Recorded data
= = = = =

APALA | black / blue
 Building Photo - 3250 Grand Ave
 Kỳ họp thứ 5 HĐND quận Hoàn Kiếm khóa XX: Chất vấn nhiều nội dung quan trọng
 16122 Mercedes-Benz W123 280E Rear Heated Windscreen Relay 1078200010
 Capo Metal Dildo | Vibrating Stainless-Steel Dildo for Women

= = = = =

TASK OBJECTIVE: The expected output is the complete data, repeated exactly.

WRITTEN ANSWER:
APALA | black / blue
 Building Photo - 3250 Grand Ave
 Kỳ họp thứ 5 HĐND quận Hoàn Kiếm khóa XX: Chất vấn nhiều nội dung quan trọng
 16122 Mercedes-Benz W123 280E Rear Heated Windscreen Relay 1078200010
 Capo Metal Dildo | Vibrating Stainless-Steel Dildo for Women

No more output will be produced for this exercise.